Thousands of people friended her to see them, and they made their way around the web before the team went to court and got an injunction to make her take them down.
"I just wanted to get back at them basically because ... just the way I was treated by the AFL, it wasn't right," she told ABC radio in Melbourne. "I just want something to be done. I want the AFL and the clubs to realise I'm not just another girl who they can just sweep under the carpet."
Rash teenagers with poor judgement plus pregnancy hormones do not a good combination make.
Clearly that's the not the case for everyone, and there are some very good teenage mothers out there who do right by their children and parent as well as anyone in their 20s or 30s and beyond. Age alone doesn't determine how good of a parent someone is, but immaturity -- a trademark of many teenagers -- makes it awfully difficult and often damaging for the child.
The good news is that teenage pregnancies are on the decline. According to The Washington Post, teen birth rates are at a record low.
The birth rate among U.S. girls aged 15 to 19 fell to 39.1 births per 1,000 teens in 2009, the most recent year for which statistics are available. That's a 6 percent drop from 2008 and the lowest rate ever recorded in the nearly 70 years that the federal government has been collecting reliable data, according to a preliminary analysis of data from the National Center for Health Statistics.
So while shows like Teen Mom and 16 & Pregnant have inspired some young girls to get knocked up, this is great news overall.
Unfortunately, the reason for the downward trend may not be so positive or one we want to keep utilizing. Many believe it could be the poor economy.
"When money is very tight, all of us think harder about taking risks, expanding our families, taking on new responsibilities," Sarah Brown of the National Campaign to Prevent Teen and Unplanned Pregnancies told The Washington Post. "Now I know that teens may not be as savvy about money as those in their 20s and 30s -- they probably don't stress over 401(k)s like the rest of us -- but many teens live with financially stressed adults, and they see neighbors and older friends losing jobs and even losing houses. So they, too, feel the squeeze and may be reacting to it by being more prudent .... Maybe part of tightening our belts includes keeping our zippers closed, too!"

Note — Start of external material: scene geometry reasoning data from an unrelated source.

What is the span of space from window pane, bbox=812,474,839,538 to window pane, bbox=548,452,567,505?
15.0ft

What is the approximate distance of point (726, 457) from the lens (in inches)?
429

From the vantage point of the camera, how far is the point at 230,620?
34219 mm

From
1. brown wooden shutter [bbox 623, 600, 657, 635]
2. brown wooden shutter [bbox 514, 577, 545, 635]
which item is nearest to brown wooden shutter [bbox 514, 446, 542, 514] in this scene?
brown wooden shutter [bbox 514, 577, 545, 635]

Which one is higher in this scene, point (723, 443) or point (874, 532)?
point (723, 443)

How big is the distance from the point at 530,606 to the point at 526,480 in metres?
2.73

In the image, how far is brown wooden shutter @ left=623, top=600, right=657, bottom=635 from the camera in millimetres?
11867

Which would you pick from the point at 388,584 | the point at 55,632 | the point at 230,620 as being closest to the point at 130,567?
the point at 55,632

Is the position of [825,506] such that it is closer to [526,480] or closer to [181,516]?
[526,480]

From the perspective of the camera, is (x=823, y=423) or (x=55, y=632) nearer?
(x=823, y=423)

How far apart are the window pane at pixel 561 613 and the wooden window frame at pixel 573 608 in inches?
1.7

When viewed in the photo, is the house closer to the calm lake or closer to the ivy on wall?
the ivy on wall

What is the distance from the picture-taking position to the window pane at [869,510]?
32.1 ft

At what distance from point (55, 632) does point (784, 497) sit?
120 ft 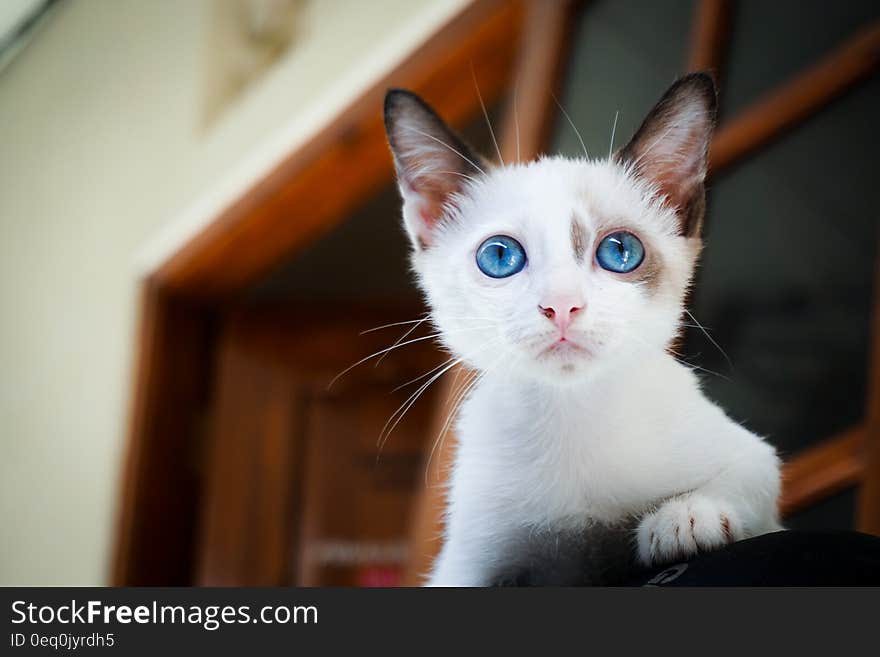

I guess that's some good economic news at least. As for Kim Duthie, it's too late. Her baby is on the way, and we can just hope she finds some maturity pretty quickly. Though given her recent "defense" on YouTube, that seems doubtful.
Editor's Note: In light of new information that wasn't available when this was written, we would like to extend condolences to Duthie as her baby was apparently stillborn.